__Short web captions__.
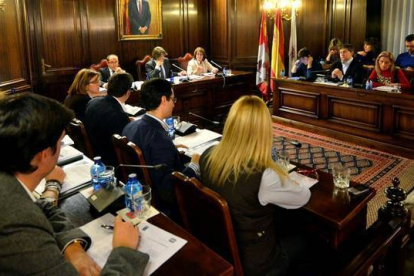 Corporación durante un Pleno de esta legislatura. / VALENTÍN GUISANDE-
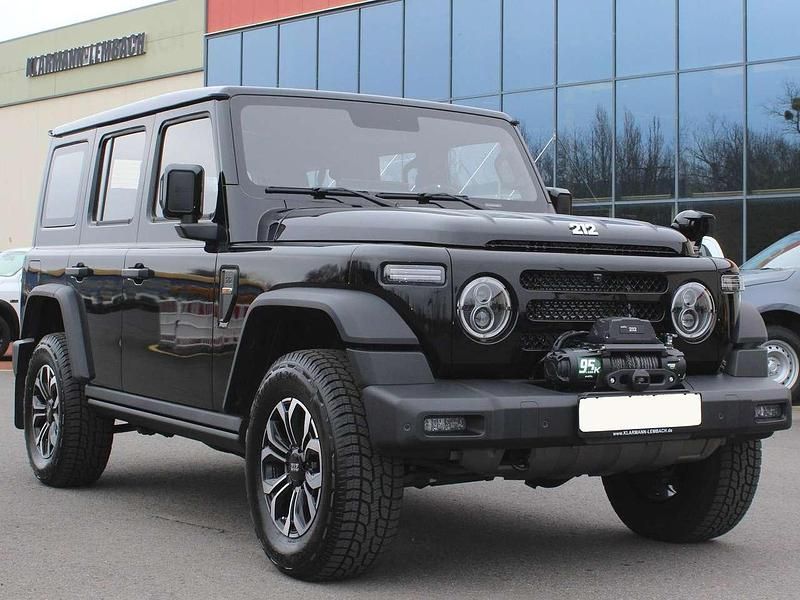 Neu BAW 212 166 PS (122 kW) 2026 Schwarz SUV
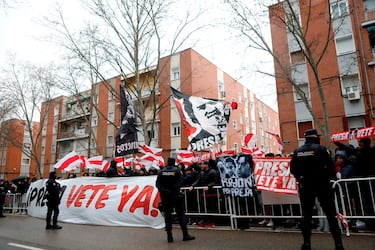 La Plataforma de peñas del club vallecano pide con insistencia la marca de Raúl Martín Presa, presidente y máximo accionista de la entidad vallecana.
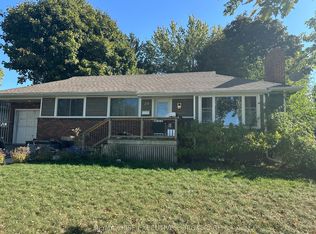 20 Elizabeth Ave, Kingston, ON K7M 3G8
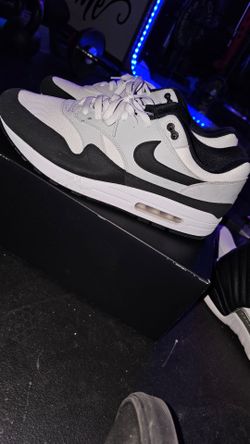 Nike air max 1 in black white n grey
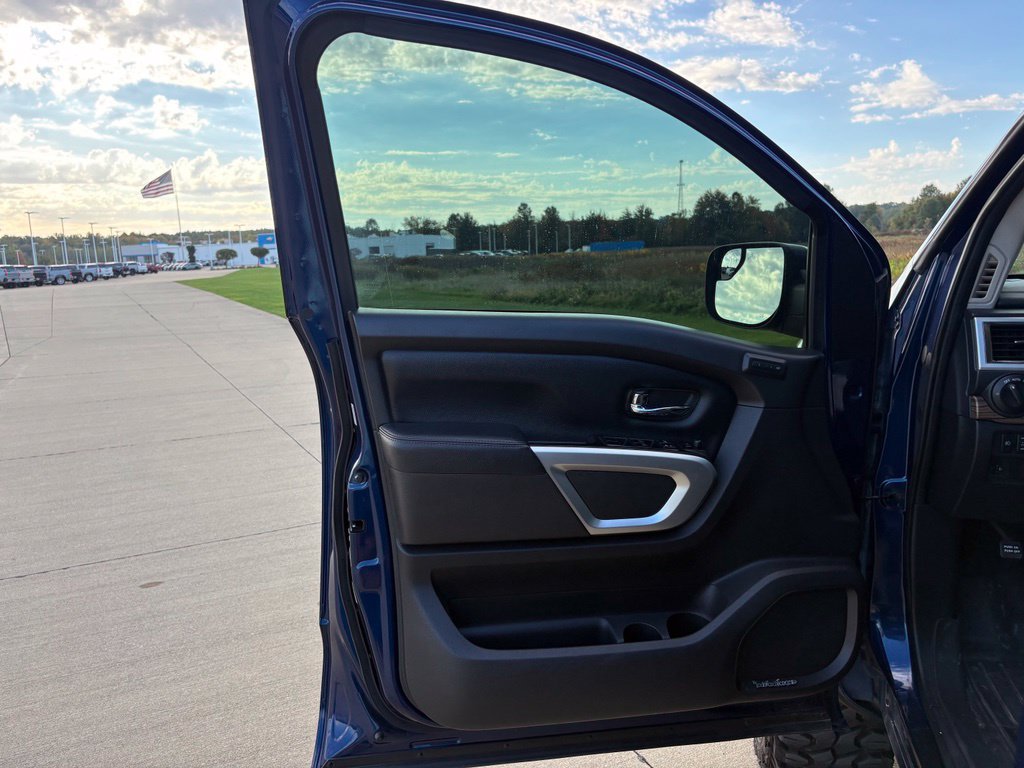Used 2017 Nissan Titan SL AWD/4WD image 10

__Problem details__.
Give again, word for word, the lines from the one containing "La Plataforma de" through the last line of the entries, with pictures omitted and nothing added.

__Task solution__.
 La Plataforma de peñas del club vallecano pide con insistencia la marca de Raúl Martín Presa, presidente y máximo accionista de la entidad vallecana.
 20 Elizabeth Ave, Kingston, ON K7M 3G8
 Nike air max 1 in black white n grey
Used 2017 Nissan Titan SL AWD/4WD image 10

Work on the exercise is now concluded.